Automation and the Working Poor: A Historical and Policy Analysis of Technology-Driven Displacement
MTA
From the mechanized loom to AI, how technological change reshaped labor markets and poverty patterns
2nd Edition
This book provides a comprehensive historical and policy analysis of how technological innovation—from the mechanized loom to modern artificial intelligence—reshapes labor markets and affects the working poor. By tracing the evolution of automation through the First and Second Industrial Revolutions, the New Deal era, and the digital revolution, the text illustrates a recurring pattern: technology significantly boosts productivity and material abundance while simultaneously displacing traditional skills, devaluing labor's bargaining power, and hollowing out middle-skill occupations. The narrative emphasizes that the economic fate of workers is not determined by technology alone, but by the institutional and policy frameworks—such as unions, education systems, and social insurance—that mediate these transitions.
The analysis delves into the specific challenges of the current era, including the rise of the service economy, platform capitalism, and algorithmic management.
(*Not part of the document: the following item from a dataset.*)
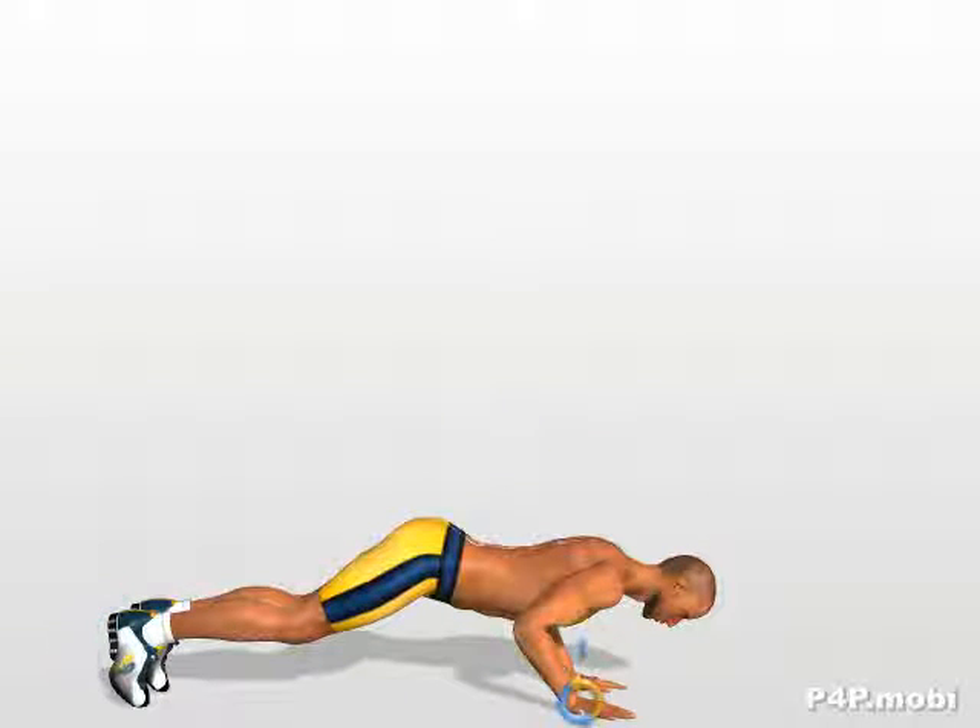Your hands are parallel to your pectoral muscles. Keeping your elbows tight against your torso and forcing your triceps and pectorals, lower yourself with your arms.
It highlights how digital tools and AI have shifted automation from physical tasks to cognitive prediction and decision-making, often increasing worker surveillance and precarity. The text critiques traditional responses, noting that while education and retraining are essential, they are frequently reactive, underfunded, and insufficient to address the structural shifts caused by "routine-biased" technological change and globalization. It further explores the geographic dimensions of this shift, noting how "superstar" cities thrive while deindustrialized regions fall into cycles of disinvestment and social decay.
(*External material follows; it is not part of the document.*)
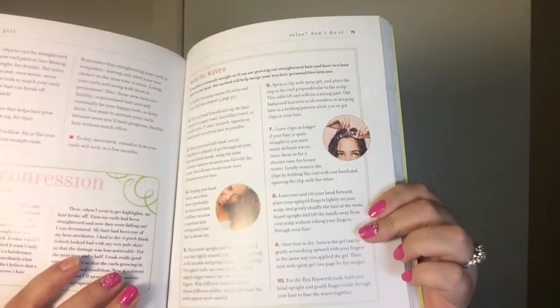Numero eight: if you're concerned that using all these products is going to weigh down your roots, believe me, I know what you're talking about. I have very flat roots and I constantly battle that, especially on second and third day hair. Use these little precious root clips — apply them to your roots. She actually talks about it in her Curly Girl Guide on page 75, how to apply them. It's the clipping technique, and it's very important if you're using the products.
To address these systemic challenges, the book proposes a multifaceted policy blueprint centered on shared prosperity and worker agency. Key recommendations include the creation of portable benefits systems that follow workers across nonstandard jobs, the establishment of sectoral wage boards to set industry-specific standards, and the implementation of "mission-oriented" public service employment in the green and care economies. Furthermore, the book advocates for new data rights and algorithmic transparency to protect workers from opaque digital management, alongside fiscal reforms like "automation dividends" or sovereign wealth funds to ensure that productivity gains from AI and robotics are distributed broadly.
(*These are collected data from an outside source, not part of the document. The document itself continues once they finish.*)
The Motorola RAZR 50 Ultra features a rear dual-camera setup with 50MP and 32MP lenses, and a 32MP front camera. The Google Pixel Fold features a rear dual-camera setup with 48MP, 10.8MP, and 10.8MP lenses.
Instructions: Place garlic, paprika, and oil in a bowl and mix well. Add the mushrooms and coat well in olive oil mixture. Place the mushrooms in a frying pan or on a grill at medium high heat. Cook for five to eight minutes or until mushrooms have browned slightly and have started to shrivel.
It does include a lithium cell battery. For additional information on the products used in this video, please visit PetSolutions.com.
Ultimately, the book argues that an inclusive automated future is a social and political choice rather than a technological inevitability. By moving from a reactive to a proactive policy posture, the text suggests that society can harness the power of innovation to eliminate working poverty and build a new social contract. The concluding chapters emphasize that the most successful technological transitions in history were those that empowered workers through collective voice and robust public investment, providing a roadmap for navigating the current era of unprecedented technological upheaval.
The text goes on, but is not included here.